* [ACTIVITY]:
Exactly the lines from the beginning of the records to the line with "Tamer tanca orjınal deri çizme - Görsel 4", both ends included, are to be given again, and pictures are to be left out.

┄┄┄┄┄┄

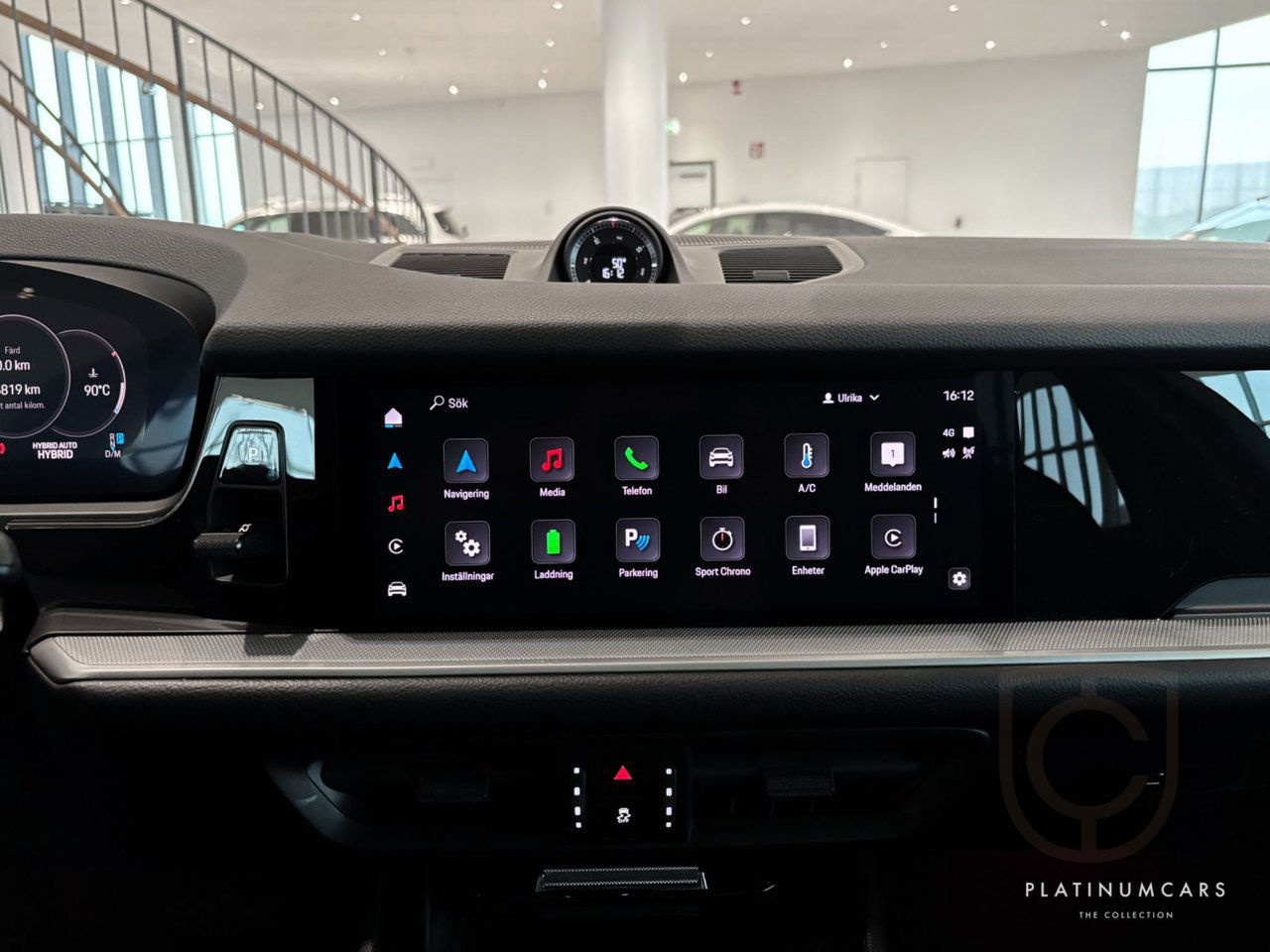 Porsche Cayenne E-Hybrid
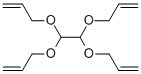 Structure of Tetraallyloxyethane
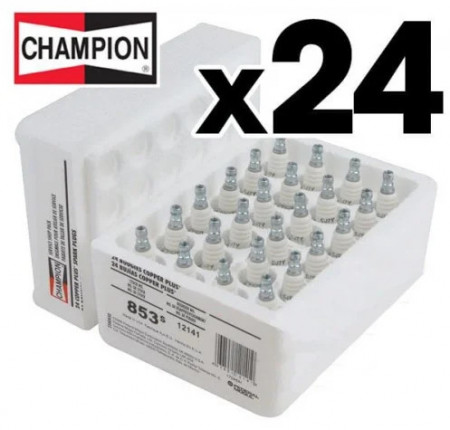 Пакет 24бр. свещи за моторна косачка Champion J17LM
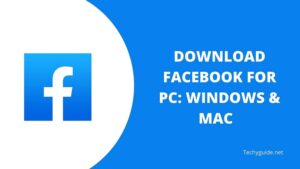 Download Facebook for PC 2023 | Mac & Windows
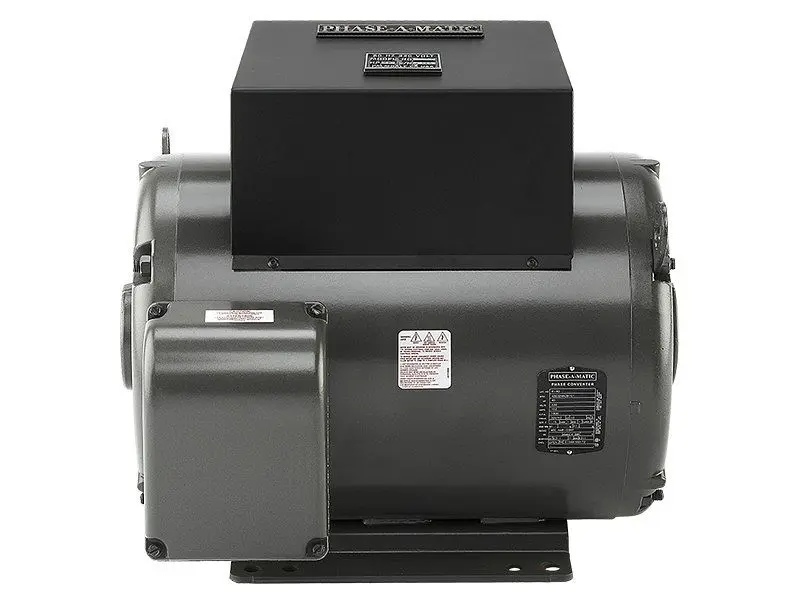 Phase--Matic 40 HP, 230V Rotary Phase Converter, UL Certified, R-40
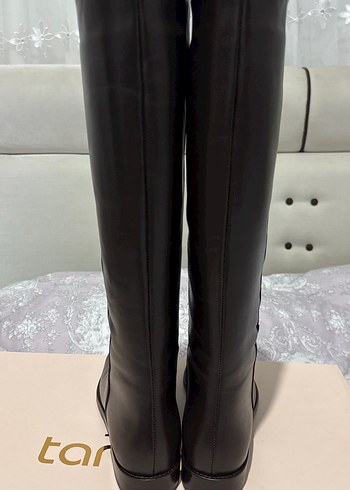 Tamer tanca orjınal deri çizme - Görsel 4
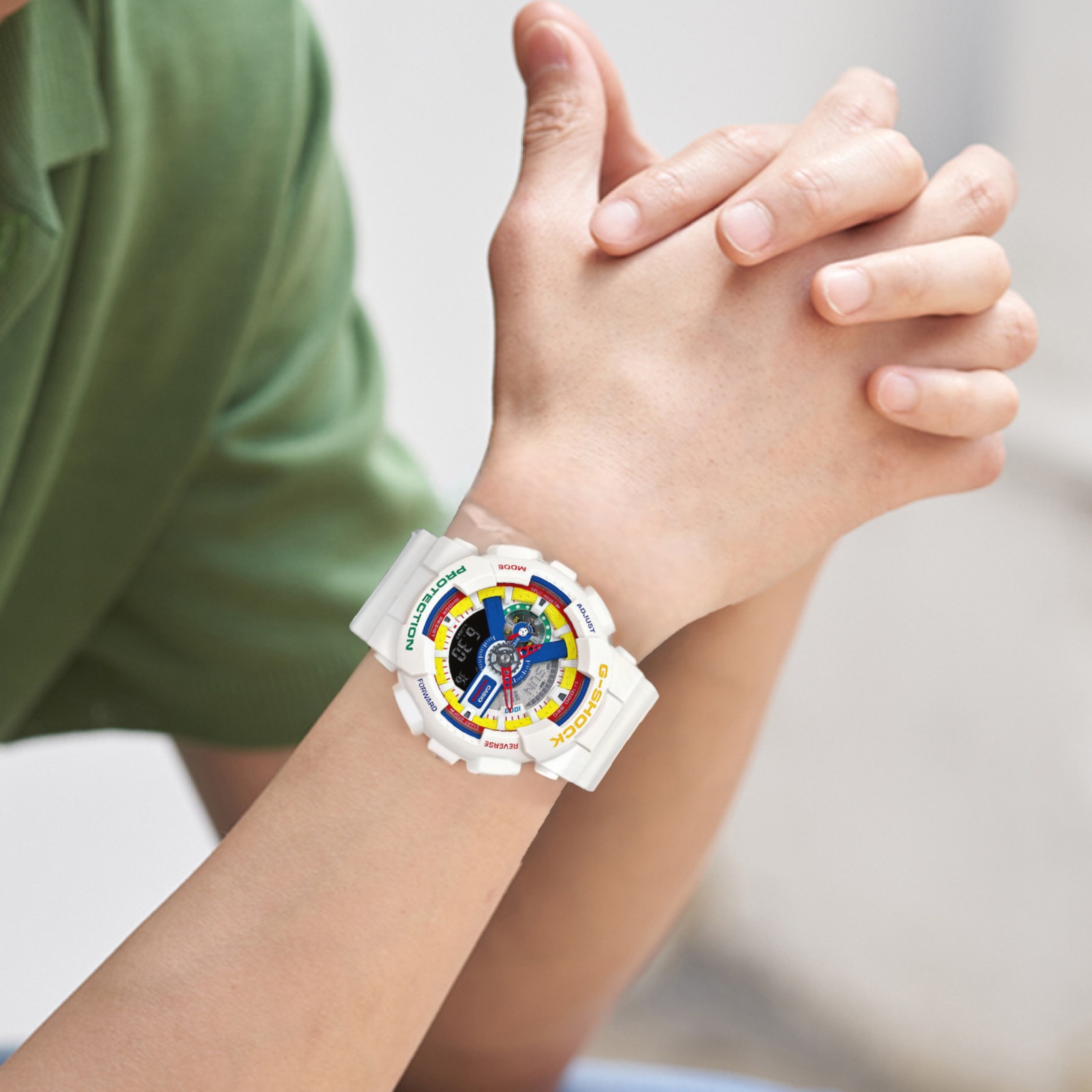 Мужские часы Casio G-SHOCK (черные) — фото 7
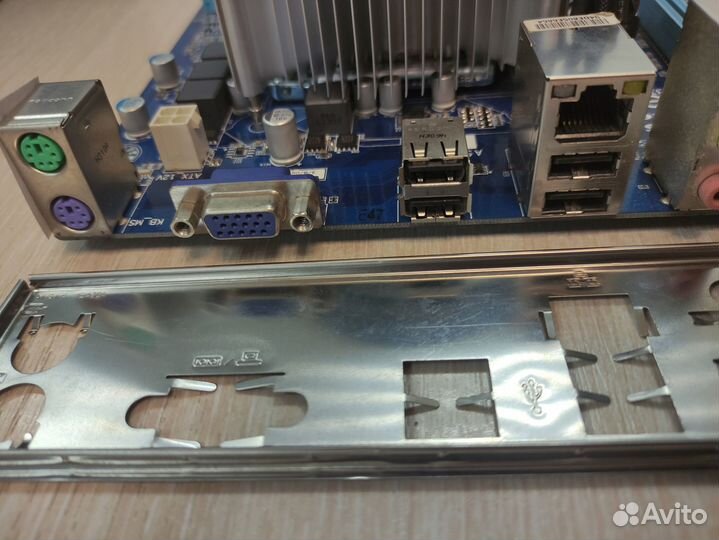 Комплект мат. плата s1155 + процессор intel G2020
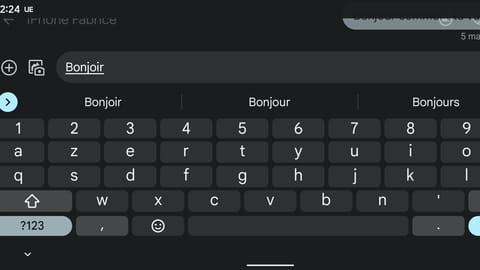 Correcteur orthographique Android&nbsp;: comment l'optimiser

┄┄┄┄┄┄

* [RESPONSE BOX]:
 Porsche Cayenne E-Hybrid
 Structure of Tetraallyloxyethane
 Пакет 24бр. свещи за моторна косачка Champion J17LM
 Download Facebook for PC 2023 | Mac & Windows
 Phase--Matic 40 HP, 230V Rotary Phase Converter, UL Certified, R-40
 Tamer tanca orjınal deri çizme - Görsel 4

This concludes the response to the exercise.